最終更新日:2026年7月18日
12年連続増配・金融機関の7割超にシステムを提供する「情報企画」
こんにちは。10年以上連続増配株の情報を発信している桃モアイです。銀行がお金を貸すときの「担保の評価」や「決算書の読み取り」を支えるシステムを作る会社があります。全国の金融機関の7割超が同社のシステムを使っています(2026年3月末・会社資料)。
今回は3月・9月に配当権利が確定する連続増配株の1社、情報企画(証券コード:3712)を私独自の8指標で分析しました。
結論から言うと、情報企画は8つの指標をすべてクリアしました。12年連続の増配に加え、高い収益性と実質無借金の財務が特徴です。このあとひとつずつ分かりやすく説明します。

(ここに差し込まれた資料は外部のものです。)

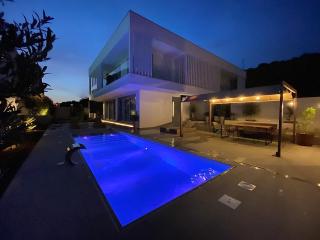 NEW! Villa With Heated Pool in Cavtat - 4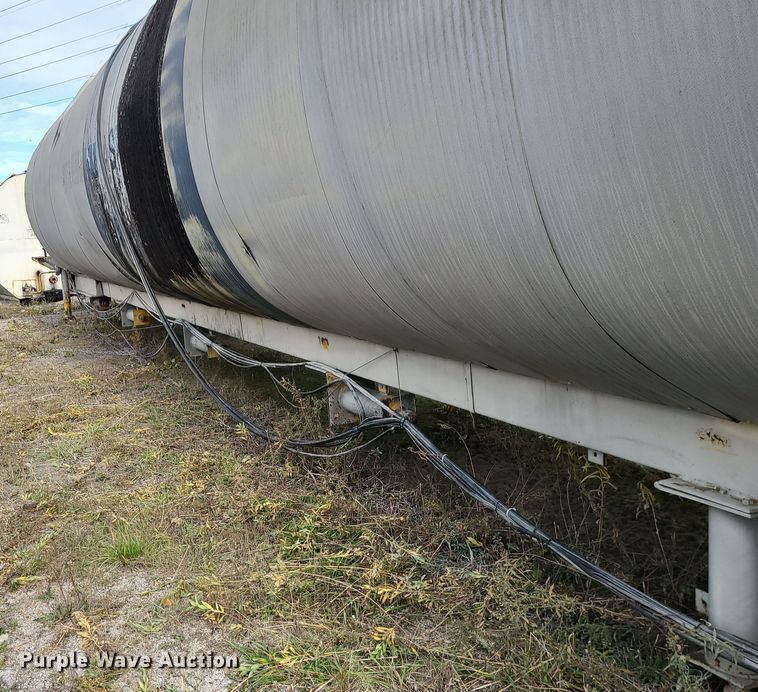 image for item LJ9343 Asphalt tank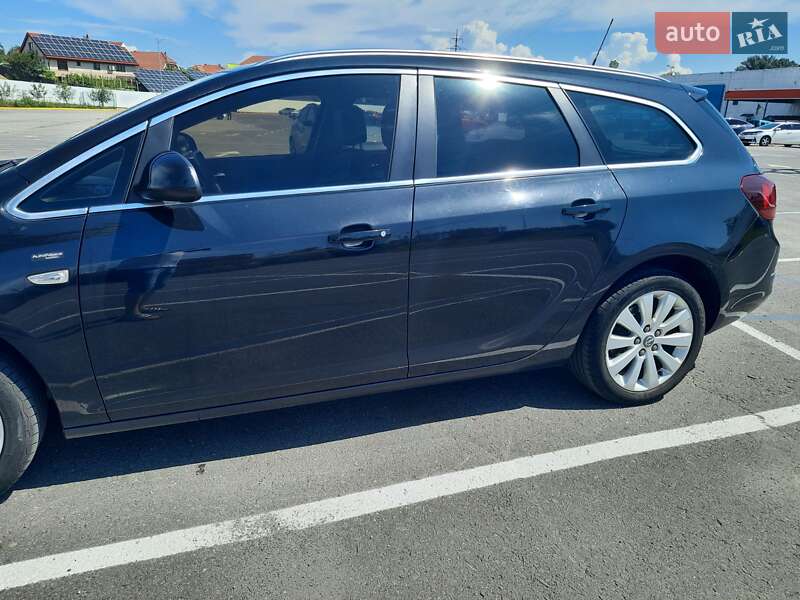 Универсал Opel Astra 2015 в Ужгороде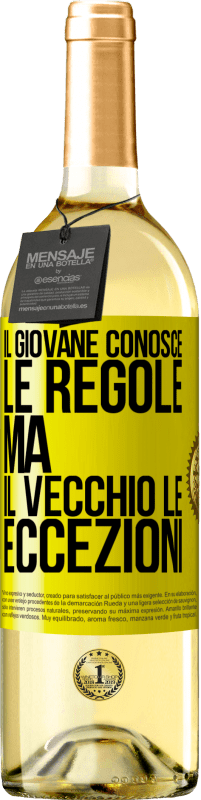 29,95 € Spedizione Gratuita | Vino bianco Edizione WHITE Il giovane conosce le regole, ma il vecchio le eccezioni Etichetta Gialla. Etichetta personalizzabile Vino giovane Raccogliere 2024 Verdejo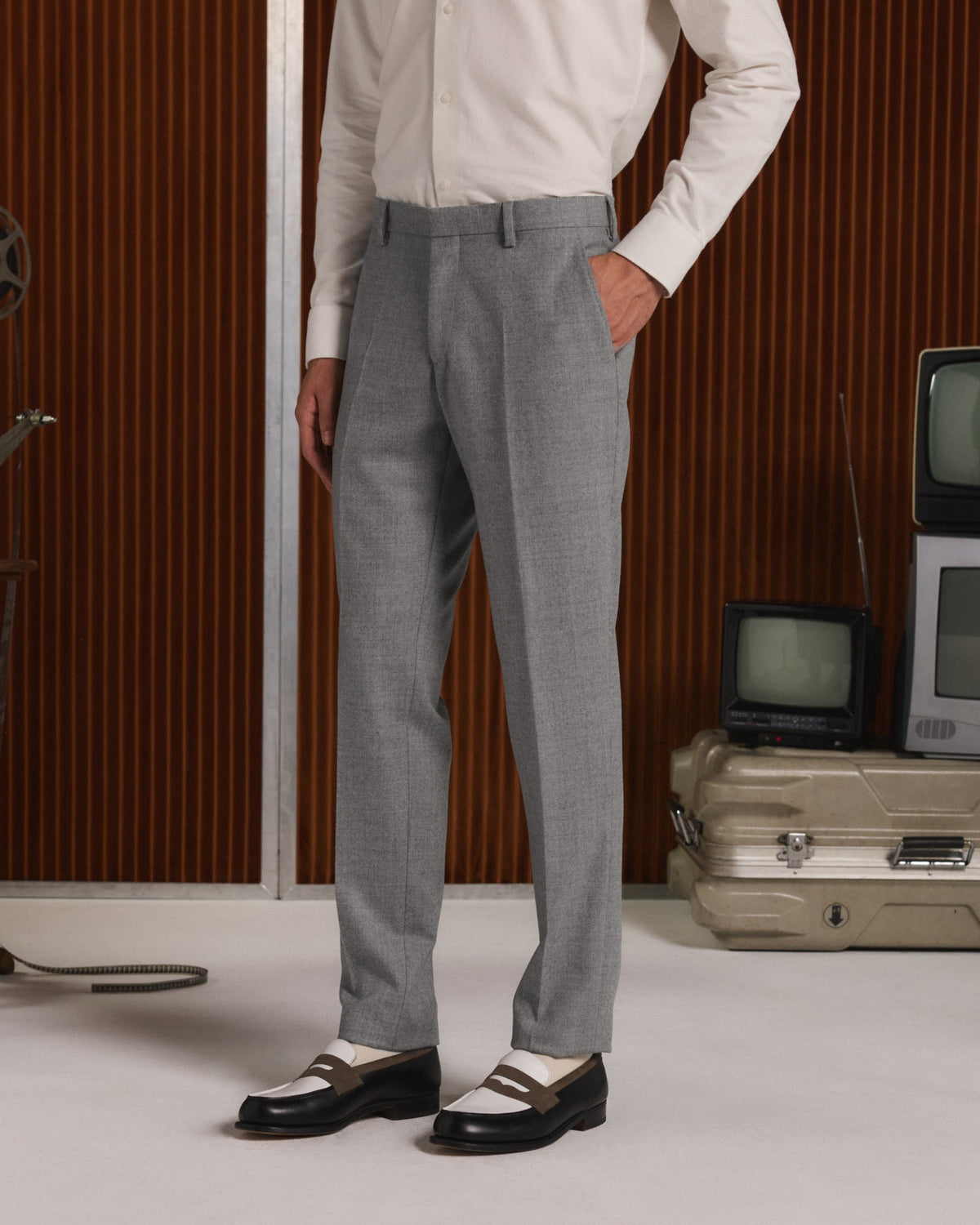Pantalon en flanelle de laine grise - 2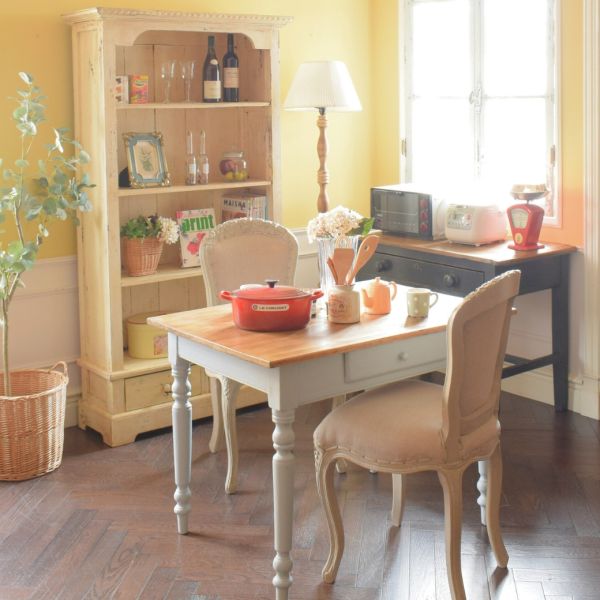 アンティーク風椅子、お花の彫刻が可愛いコクシグルのチェア(cff-1020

📊 株価・利回りの基準日:2026年7月15日時点の値です
📊 財務指標は2025年9月期(実績)の数値を使用しています
情報企画とはどんな会社?
情報企画は、東京本社(東京都千代田区)を構える、金融機関向けの業務システム会社です。1986年に設立し、2003年に東京証券取引所へ上場しました(現在は東証スタンダード市場)。銀行・信用金庫・信用組合向けに、融資や審査まわりの業務支援システムを独自に開発・販売しています。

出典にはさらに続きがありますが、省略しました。